The Runaway Bunny is a 1942 picture book written by Margaret Wise Brown and illustrated by Clement Hurd. The plot deals with a small rabbit, who wants to run away. His mother, however, tells him that "if you run away, I will run after you."

This book is the first in Brown and Hurd's "classic series," which also includes Goodnight Moon and My World. The picture of a cow jumping over the Moon, which features prominently in Goodnight Moon, first appeared in The Runaway Bunny. A copy of The Runaway Bunny appears in Goodnight Moon, as does the illustration of the mother fishing for the bunny child. The three books have been published together as a collection titled Over the Moon.

An animated special based on the book was released on HBO Max on March 25, 2021. The special is narrated by Tracee Ellis Ross.

== Synopsis ==
A little bunny tells his mother that he is going to run away, thereby becoming a fish in a "trout stream", a rock on a mountain, a crocus in a hidden garden, a bird, a sailboat, a circus acrobat, and finally a little boy, until he resigns himself to stay where he is and remain her little bunny. Mother Bunny appears as a fisherman, a mountain climber, a gardener, a tree, a cloud, a trapeze walker, and finally the mother herself.

The illustrations alternate between two-page black-and-white line images and accompanying text, and two-page painted spreads. Similar alternation of black-and-white spreads and color spreads occur in all three books in the series.

== Publication history ==
The call and response structure of Brown's text provides an emotionally compelling depiction of a small child's first burst of independence and a mother's affirmation of unconditional love.

The closing line of the book, "'Have a carrot,' said the mother bunny," was added after Ursula Nordstrom, the director of Harper's Department of Books for Boys and Girls, told Brown that the ending needed work. The line was cabled in to Harper's from Maine, where Brown was on vacation. There have been two different final illustrations for this book.

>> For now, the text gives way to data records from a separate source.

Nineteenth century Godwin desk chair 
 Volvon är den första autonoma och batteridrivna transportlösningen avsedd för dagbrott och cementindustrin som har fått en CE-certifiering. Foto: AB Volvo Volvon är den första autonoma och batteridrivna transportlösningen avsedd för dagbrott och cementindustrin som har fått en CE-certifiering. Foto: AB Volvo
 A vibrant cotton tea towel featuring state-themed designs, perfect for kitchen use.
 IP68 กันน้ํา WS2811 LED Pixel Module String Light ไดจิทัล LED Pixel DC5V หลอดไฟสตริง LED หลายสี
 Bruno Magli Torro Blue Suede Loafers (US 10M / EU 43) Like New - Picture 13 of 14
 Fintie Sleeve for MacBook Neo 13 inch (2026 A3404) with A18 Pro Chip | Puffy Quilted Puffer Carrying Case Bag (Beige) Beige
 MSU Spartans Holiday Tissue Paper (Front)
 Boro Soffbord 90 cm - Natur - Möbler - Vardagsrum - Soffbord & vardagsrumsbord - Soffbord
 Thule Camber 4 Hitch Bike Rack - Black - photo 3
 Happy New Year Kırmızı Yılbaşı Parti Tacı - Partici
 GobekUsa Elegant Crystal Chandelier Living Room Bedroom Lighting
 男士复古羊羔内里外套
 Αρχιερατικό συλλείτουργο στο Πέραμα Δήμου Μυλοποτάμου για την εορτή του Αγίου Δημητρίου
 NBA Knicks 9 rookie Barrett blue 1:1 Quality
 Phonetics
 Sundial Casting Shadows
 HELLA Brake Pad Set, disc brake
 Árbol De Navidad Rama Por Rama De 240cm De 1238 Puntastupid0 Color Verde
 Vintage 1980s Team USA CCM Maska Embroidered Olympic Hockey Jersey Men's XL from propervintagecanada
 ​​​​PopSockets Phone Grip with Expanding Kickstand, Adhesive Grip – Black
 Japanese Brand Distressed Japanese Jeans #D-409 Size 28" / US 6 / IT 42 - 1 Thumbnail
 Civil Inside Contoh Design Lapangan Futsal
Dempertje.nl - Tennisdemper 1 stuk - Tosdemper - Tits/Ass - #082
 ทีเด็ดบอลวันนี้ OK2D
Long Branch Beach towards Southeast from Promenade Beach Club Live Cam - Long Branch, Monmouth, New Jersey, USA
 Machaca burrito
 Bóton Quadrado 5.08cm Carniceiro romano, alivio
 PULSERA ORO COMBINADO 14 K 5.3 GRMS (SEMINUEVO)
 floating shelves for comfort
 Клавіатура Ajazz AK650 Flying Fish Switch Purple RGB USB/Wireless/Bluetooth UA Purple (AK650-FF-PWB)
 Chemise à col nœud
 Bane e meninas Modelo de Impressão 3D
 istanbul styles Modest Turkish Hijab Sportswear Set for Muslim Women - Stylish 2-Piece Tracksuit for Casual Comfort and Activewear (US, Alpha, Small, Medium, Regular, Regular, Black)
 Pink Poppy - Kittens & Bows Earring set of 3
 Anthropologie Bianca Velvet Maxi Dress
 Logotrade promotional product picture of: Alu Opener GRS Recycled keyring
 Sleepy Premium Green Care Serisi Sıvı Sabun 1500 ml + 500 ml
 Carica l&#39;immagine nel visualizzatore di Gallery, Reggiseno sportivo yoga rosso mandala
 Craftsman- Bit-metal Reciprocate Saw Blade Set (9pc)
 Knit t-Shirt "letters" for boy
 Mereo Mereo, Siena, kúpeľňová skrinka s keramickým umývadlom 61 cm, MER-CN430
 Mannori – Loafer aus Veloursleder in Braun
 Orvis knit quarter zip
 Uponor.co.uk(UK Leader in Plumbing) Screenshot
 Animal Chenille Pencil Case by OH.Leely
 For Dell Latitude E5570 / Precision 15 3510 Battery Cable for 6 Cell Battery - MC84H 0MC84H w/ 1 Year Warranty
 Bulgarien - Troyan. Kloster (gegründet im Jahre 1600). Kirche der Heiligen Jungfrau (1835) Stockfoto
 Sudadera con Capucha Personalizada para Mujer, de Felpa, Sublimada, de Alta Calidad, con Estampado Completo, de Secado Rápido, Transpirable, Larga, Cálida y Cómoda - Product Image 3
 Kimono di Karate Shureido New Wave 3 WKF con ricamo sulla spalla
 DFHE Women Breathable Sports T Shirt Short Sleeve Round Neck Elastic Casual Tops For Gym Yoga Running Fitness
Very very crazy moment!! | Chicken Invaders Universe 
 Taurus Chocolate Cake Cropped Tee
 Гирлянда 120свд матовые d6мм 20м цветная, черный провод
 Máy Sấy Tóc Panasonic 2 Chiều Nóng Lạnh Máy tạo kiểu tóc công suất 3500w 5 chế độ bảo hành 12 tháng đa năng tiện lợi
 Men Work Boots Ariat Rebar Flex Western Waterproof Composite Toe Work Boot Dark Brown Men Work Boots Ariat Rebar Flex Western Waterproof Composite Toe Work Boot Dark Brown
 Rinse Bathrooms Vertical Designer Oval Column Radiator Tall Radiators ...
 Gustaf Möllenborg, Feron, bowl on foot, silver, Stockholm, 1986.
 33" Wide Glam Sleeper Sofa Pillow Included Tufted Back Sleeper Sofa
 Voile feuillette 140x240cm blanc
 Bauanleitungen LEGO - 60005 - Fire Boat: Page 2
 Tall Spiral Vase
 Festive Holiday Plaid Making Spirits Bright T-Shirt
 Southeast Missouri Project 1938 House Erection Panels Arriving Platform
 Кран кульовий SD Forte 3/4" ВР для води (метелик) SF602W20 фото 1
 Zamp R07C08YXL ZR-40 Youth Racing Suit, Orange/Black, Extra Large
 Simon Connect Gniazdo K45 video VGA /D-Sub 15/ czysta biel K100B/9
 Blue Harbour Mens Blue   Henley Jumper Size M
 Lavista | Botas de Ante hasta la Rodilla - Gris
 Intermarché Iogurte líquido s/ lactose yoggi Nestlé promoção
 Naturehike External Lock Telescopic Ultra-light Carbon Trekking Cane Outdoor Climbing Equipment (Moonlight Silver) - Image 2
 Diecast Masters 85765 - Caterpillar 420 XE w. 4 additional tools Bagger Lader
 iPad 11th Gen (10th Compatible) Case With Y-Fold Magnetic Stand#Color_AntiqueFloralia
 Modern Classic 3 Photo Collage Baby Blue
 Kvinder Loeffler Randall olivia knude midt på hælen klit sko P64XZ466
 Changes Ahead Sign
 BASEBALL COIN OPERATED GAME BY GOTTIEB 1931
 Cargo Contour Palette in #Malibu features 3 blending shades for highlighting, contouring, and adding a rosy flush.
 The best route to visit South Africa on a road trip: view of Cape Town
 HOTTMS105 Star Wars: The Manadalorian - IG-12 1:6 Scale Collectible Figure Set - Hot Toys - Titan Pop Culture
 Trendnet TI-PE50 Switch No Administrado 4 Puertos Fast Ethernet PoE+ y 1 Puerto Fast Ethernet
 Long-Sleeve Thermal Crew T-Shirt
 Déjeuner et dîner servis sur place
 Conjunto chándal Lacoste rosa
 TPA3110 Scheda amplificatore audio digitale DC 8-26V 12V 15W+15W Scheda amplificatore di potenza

The book has been in print continuously since 1942.

== In popular culture ==

The Runaway Bunny has been adapted into a concerto for violin, reader and orchestra by the contemporary American composer Glen Roven, with text from the book.

The Runaway Bunny was referenced in season 11, episode 12 of the television show Cheers. Carla Tortelli states that she's read the book to her eight kids over a thousand times and it 'made her bawl each time.' It is also referenced in the Pulitzer Prize-winning plays, Wit and Rabbit Hole, as well as the film adaption of Wit.

The Runaway Bunny was also referenced in the Korean drama, Mother. A musical adaptation of The Runaway Bunny, by Paul Lewis (book, music, lyrics) and Gabriel Carbajal (book) had its world premiere at Boston Children's Theatre in February 2019.

The Runaway Bunny was also in season 6, episode 4 of Virgin River.